ROUTE FROM GAETA TO NAPLES-MINTURNÆ--RIVER LIRISCAPUA-AVERSA―ARRIVAL AT NAPLES-ASPECT THE CITY PRINCIPAL STREETS—SKETCH OF THE BAY, ISLANDS, SHORES, HARBOUR, AND OTHER OUTLINES-ROYAL GARDEN -TOMBS OF VIRGIL AND SANNAZARO.

May, 1826.-At 5 o'clock on the morning of the 10th, we resumed our journey towards Naples, passing through the large modern town of Mola di Gaeta, the filth and poverty of which present a perfect contrast to the rural charms of the Villa just left with regret. The country onward preserves its picturesque character, though in a less degree than the scenery already described. A ride of an hour brought us to the ruins of old Minturnæ, scattered over a green plain on the right bank of the Liris. In a field on the left of the road, are seen the remains of a Roman aqueduct, which extended from the brow of an neighbouring hill to the town, and supplied it with water. The walls of the amphitheatre, similar

in construction to others of the same age, are yet tolerably perfect. Minturnæ is associated with one of the most interesting events in the life of Caius Marius, who secreted himself in a neighbouring fen, till he was dragged from his lurking place by the partisans of Sylla.
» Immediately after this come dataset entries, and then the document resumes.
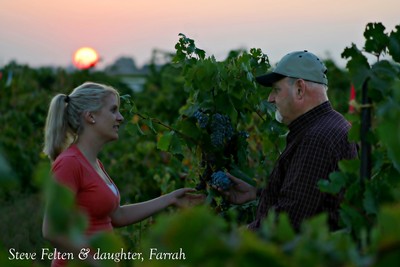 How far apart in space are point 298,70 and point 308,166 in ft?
1.73

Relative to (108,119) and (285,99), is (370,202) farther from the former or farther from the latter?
(108,119)

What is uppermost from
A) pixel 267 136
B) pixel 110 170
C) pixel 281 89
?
pixel 281 89

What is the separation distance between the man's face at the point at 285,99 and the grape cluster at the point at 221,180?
381 millimetres

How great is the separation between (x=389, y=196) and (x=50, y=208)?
1228 mm

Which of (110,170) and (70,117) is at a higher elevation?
(70,117)

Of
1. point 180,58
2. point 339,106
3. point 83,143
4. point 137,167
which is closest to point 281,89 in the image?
point 180,58

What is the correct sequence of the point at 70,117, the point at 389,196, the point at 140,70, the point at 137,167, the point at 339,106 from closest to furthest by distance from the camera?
the point at 389,196 → the point at 70,117 → the point at 137,167 → the point at 339,106 → the point at 140,70

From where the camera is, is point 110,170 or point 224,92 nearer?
point 224,92

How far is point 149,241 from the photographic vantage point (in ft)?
4.34

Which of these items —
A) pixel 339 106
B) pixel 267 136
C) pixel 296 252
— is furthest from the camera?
pixel 339 106

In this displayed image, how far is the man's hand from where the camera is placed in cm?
372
Here was the scene of his imprisonment and condemnation to death, when the sternness of his countenance disarmed the executioner, and he was permitted to escape hence to the shores of Africa, to muse upon the decline of his own fortunes amidst the ruins of Carthage.

The Liris, the liquid Liris, in name as smooth as its own unruffled current, has now assumed the semi-barbarous appellation of the Garigliano-a modern Shibboleth, which none but the Italians can "frame to pronounce ;" and if exactness of orthoepy were made the criterion, few strangers would be permitted to pass the bridge of boats, which links together by a most fragile chain the ancient kingdoms of Latium and Campania. The river itself is one of the largest and finest we have found in Italy. It is nearly as broad as the Tiber, within the walls of Rome, but differs entirely in character, having none of the turbulence and impetuosity of the latter. The banks are shaded with poplars and elms, and bordered by a broad, fertile, flowery plain, which the road traverses between Garigliano, and St. Agatha. An insulated, shattered tower, overhanging the stream, and half concealed by the foliage, forms a most picturesque object in the landscape. In crossing this delicious vale, we met a regiment of Austrian cavalry, riding full tilt, and raising a glorious dust. They were on their way to Terracina, to meet Leopold the brother of the king of Naples, and to escort him to town, on his return from the north of Europe. When the corps

was first descried at a distance, with nodding plumes and armour glittering in the sun, the spectacle was quite martial, leaving the mind free to fancy it a squadron of Numidian horse, from the Camp of Hannibal at Capua!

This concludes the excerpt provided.